Recruitment of the corepressor LUG, and presumably LUH, to regulatory sequences of target genes is dependent on physical interactions with the coregulator SEU. Therefore, we examined whether SEU and the closely related SEU-LIKE (SLK1–SLK3) genes (Stahle et al., 2009; Bao et al., 2010) are expressed in embryonic and seed coat tissue. Consistent with redundancy between these coregulators, RT-PCR analysis detected expression of all four genes in these tissues (Fig. 7G).
DISCUSSION
This study has established that mutations in LUH, a gene closely related to the transcriptional corepressor LUG (Liu and Karmarkar, 2008), affect mucilage release from the seed coat following contact with water. Mutants lacking mucilage extrusion can be grouped according to whether they either disrupt the differentiation of the seed coat or specifically interfere with mucilage biosynthesis and/or structure (for review, see Western, 2006). Based on our cytological analysis, luh mutants belong to this second group, as seed coat differentiation and mucilage secretion into the apoplast are largely unaltered.
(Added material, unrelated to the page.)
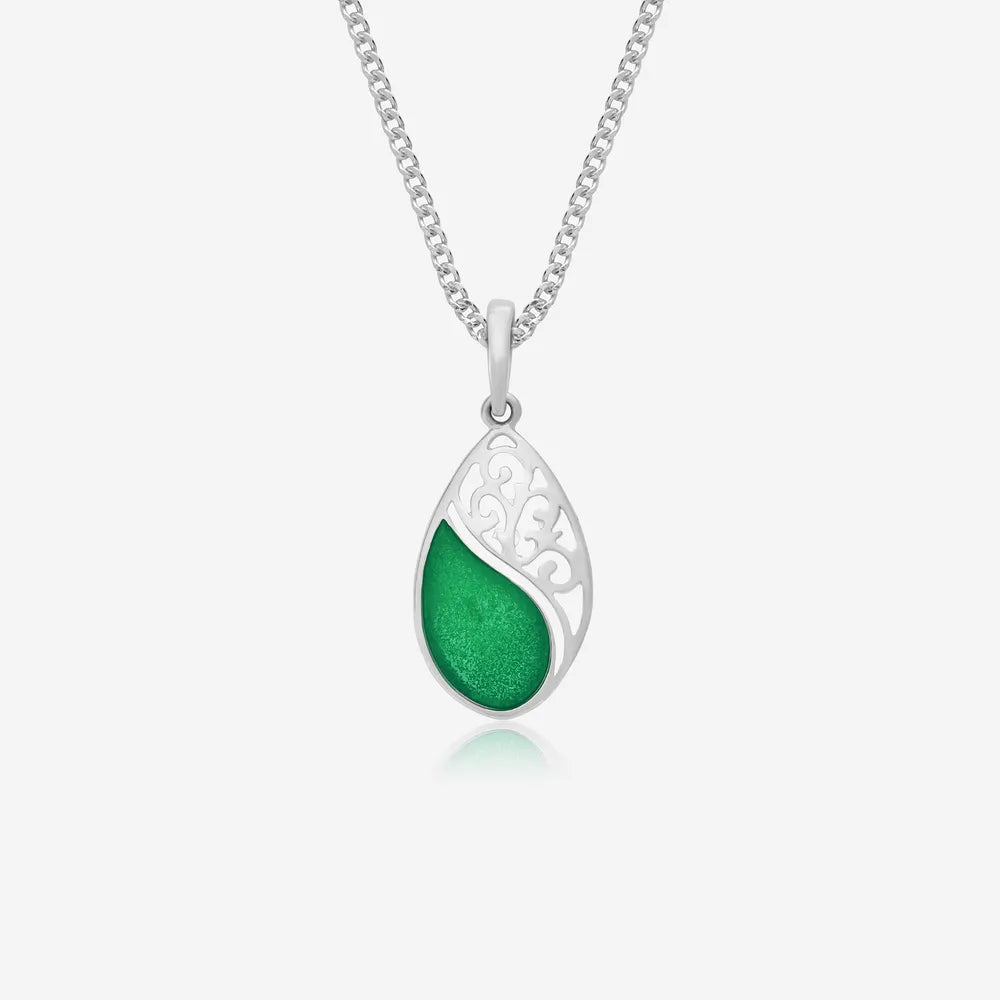 Filigree Ashes Necklace | Ashes Pendant | Featherlings UK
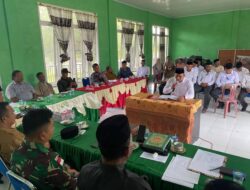 Kecamatan Teupah Tengah Laksanakan Tes Baca Al-Qur’an bagi Calon Kepala Desa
Relationship between LUH and MUM Genes
Phenotypic similarity between luh and the well-characterized mucilage extrusion-defective mutants mum1 and mum2 (Western et al., 2001) suggested that these genes might function in the same pathway. Through a series of genetic crosses, we established that luh and mum1 mutations were allelic and subsequently identified a lesion at the LUH locus in mum1-1 mutants. Given that LUH encodes a transcriptional regulator (see below) and MUM2 encodes a β-galactosidase, we addressed whether LUH might regulate MUM2. Our analyses provide two lines of evidence in support of such regulatory arrangement. First, we found significant overlap in LUH promoter activity, as assessed by GUS assays, and MUM2 expression in both the developing seed coat and other tissues of the plant (Macquet et al., 2007b; Stahle et al., 2009; this study). Next, we showed by qRT-PCR that there is an approximately 3- to 4-fold reduction of MUM2 expression in both seed coat and embryo tissue of luh mutants as well as smaller changes in the shoots and roots of these mutants. Based on these observations, we propose that LUH is a global regulator of MUM2 and that loss of MUM2 activity from the luh seed coat causes the mucilage extrusion defect. Consistent with this hypothesis, restoring MUM2 expression in luh seeds results in normal mucilage release when exposed to water. Whether the root growth defect observed in luh mutants is also a consequence of reduced MUM2 activity remains to be seen, although lack of root growth defects in mum2 mutants makes this scenario seem unlikely.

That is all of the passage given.